To time the arrival of CENP-A–SNAP at the centromere more accurately, we followed live cells containing a pool of TMR-Star–labeled but nonassembled CENP-A–SNAP from metaphase through early G1 (Fig. 3 D). TMR-Star labeling of live cells resulted in the nonspecific retention near the cell periphery (presumably in internal membranes) of a proportion of the dye, a proportion that is removed during normal fixation and washing conditions. Nevertheless, no TMR-Star signal could be detected specifically at centromeres in metaphase (Fig. 3 E). However, assembly of nascent CENP-A–SNAP could be detected as early as 50 min after anaphase onset and continued for several hours in early G1 (Fig. 3 E and Video 1, available at http://www.jcb.org/cgi/content/full/jcb.200701066/DC1).

CENP-A assembly occurs exclusively during G1
Next, we determined whether loading of CENP-A is unique to the early hours of G1 or whether loading is also permissive at any other point in the cell cycle, including the possibility of a secondary CENP-A loading stage, as has been suggested in fission yeast (Takahashi et al., 2005). CENP-A–SNAP in mitotic cells arrested with nocodazole treatment was initially quenched with nonfluorescent BG, and a G1 phase cell population was generated by release from nocodazole arrest. The CENP-A–SNAP pool produced during mid-to-late G1 was labeled and monitored for timing of centromeric deposition (Fig. 4). DNA content was assayed by FACS to verify cell cycle position (unpublished data). No assembly of CENP-A–SNAP–TMR-Star was detectable at centromeres during the subsequent S, G2, or M phases (Fig. 4 B). However, fluorescent CENP-A from the prior G1 assembled into the new daughter centromeres after exit from this subsequent mitosis (Fig. 4 B). Thus, despite the presence of a stable noncentromeric CENP-A pool, no loading occurred at any stage of the cell cycle before the following G1 phase (10–18 h after CENP-A synthesis and labeling).

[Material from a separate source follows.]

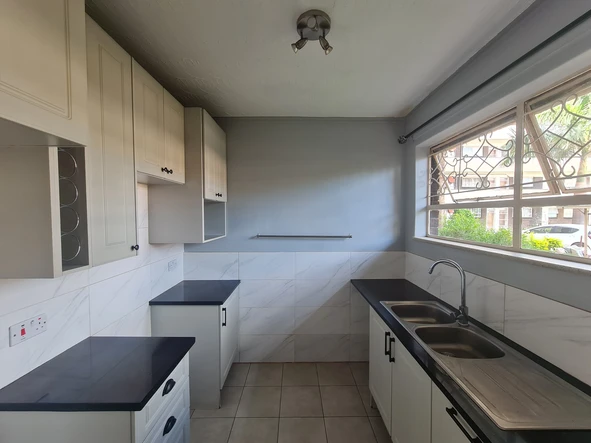 2 Bedroom Flat & Apartment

View larger version (43K): [in this window] [in a new window] [Download PPT slide]   Figure 4. Nascent CENP-A loads exclusively during G1. (A) Schematic of cell synchronization and late G1 labeling protocol. (B) Representative images at indicated time points. Percentages of cells that have loaded CENP-A are indicated below. Note that the 11% of cells that have loaded CENP-A by 9.5 h represent cells that have already entered the next G1 phase, as evident from the absence of CENP-A loading in cells blocked in mitosis by nocodazole.

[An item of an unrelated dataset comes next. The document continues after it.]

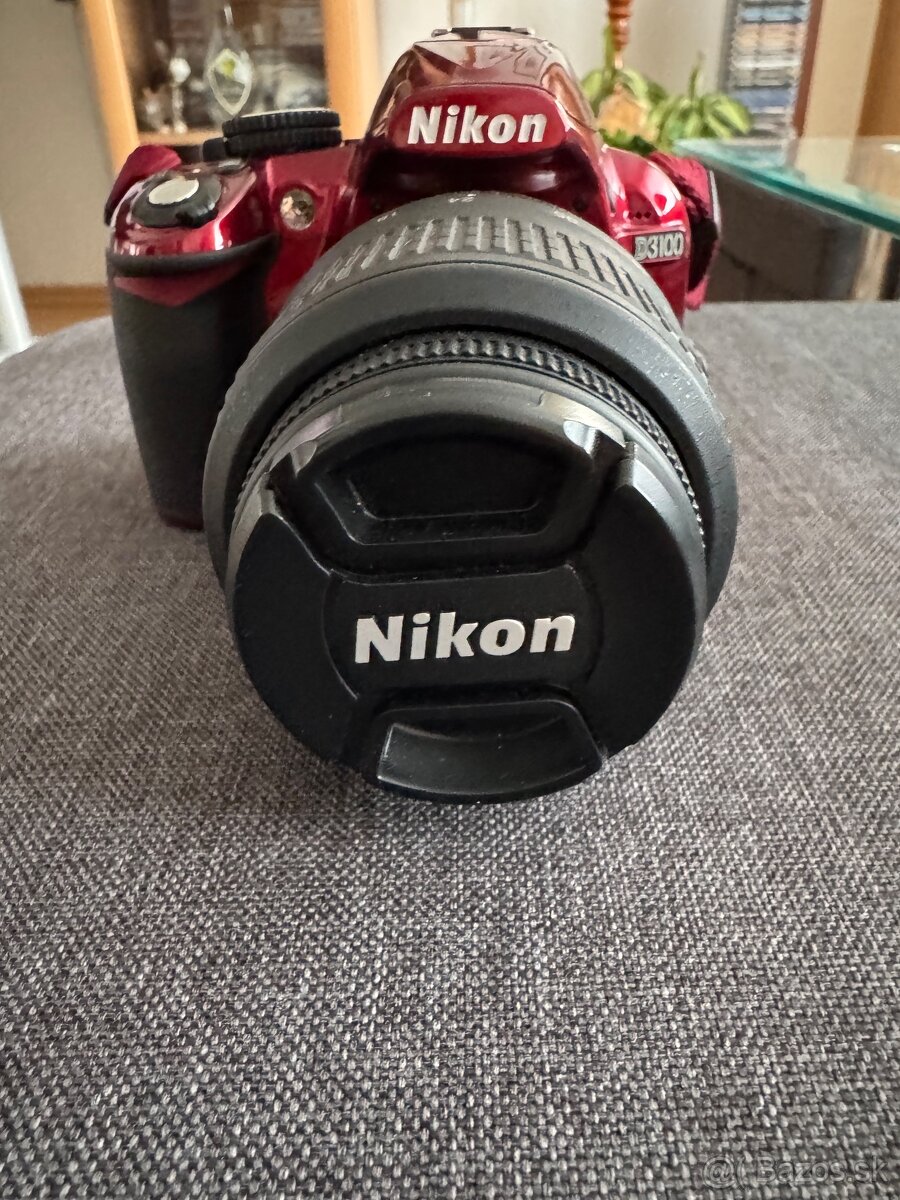 Nikon D3100 - AF-S DX Nikkor 18-55mm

View larger version (31K): [in this window] [in a new window] [Download PPT slide]   Figure 5. Centromeric levels of endogenous CENP-A increases during G1 phase. (A) HeLa cells stably expressing YFP–CENP-A (Kops et al., 2004) or parental HeLa cells were synchronized by tandem treatments with thymidine and released, and cells in mitosis or at the G1–S boundary were either imaged directly (YFP fluorescence) in live cells or processed for indirect immunofluorescence with anti–CENP-A (cell cycle times not drawn to scale). (B) Quantification of mean CENP-A intensity. For YFP–CENP-A, >600 centromeres from >10 cells, and for endogenous CENP-A, >200 centromeres from five different cells were quantified for each measurement. Error bars represents SEM of centromere intensity. AU, arbitrary units.

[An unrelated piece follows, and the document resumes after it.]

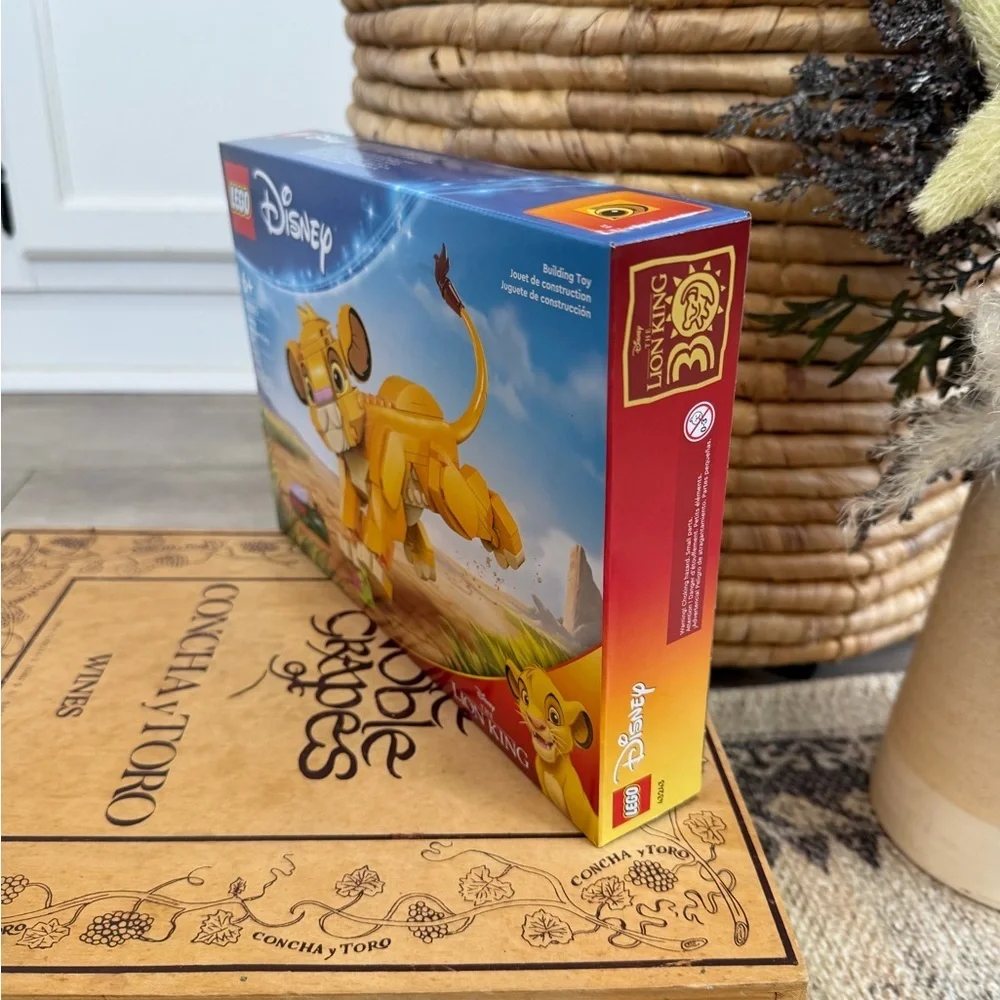 New LEGO X Disney Simba the Lion King Cub LEGO Set Ages 6+ Building Toy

View larger version (45K): [in this window] [in a new window] [Download PPT slide]   Figure 6. Passage through mitosis is critical for CENP-A loading in early G1. (A) Schematic of cell synchronization, labeling, and PEG-mediated cell–cell fusion protocol. CENP-A–SNAP cells marked with H3-CFP or CFP-tubulin were sequentially released from a double thymidine block, whereas prior assembled CENP-A–SNAP was quenched. At the time of PEG-mediated fusion H3-CFP and CFP-tubulin cells were in G1 or G2 at the indicated frequencies based on the fraction of cells that had loaded CENP-A–SNAP. After PEG fusion, nocodazole was added to prevent any additional passage through mitosis, and CENP-A–SNAP loading in binucleate heterokaryons was determined after 4 additional hours by TMR-Star labeling. (B) Representative images of binucleate heterokaryons double labeled with H3-CFP and CFP-tubulin, in which both, one, or none of the nuclei has assembled CENP-A–SNAP at centromeres. (C) Frequency of binucleate heterokaryons in which both, one, or none of the nuclei have loaded CENP-A–SNAP at centromeres (TMR-positive nuclei) in fusions of the indicated populations. Arrows in bar graph for G2–G1 cell fusion experiment represent the fraction of H3-CFP cells that were in G1 phase (red) or G2 phase (blue) at the time of fusion. At least 30 binucleate heterokaryons were analyzed in each experiment.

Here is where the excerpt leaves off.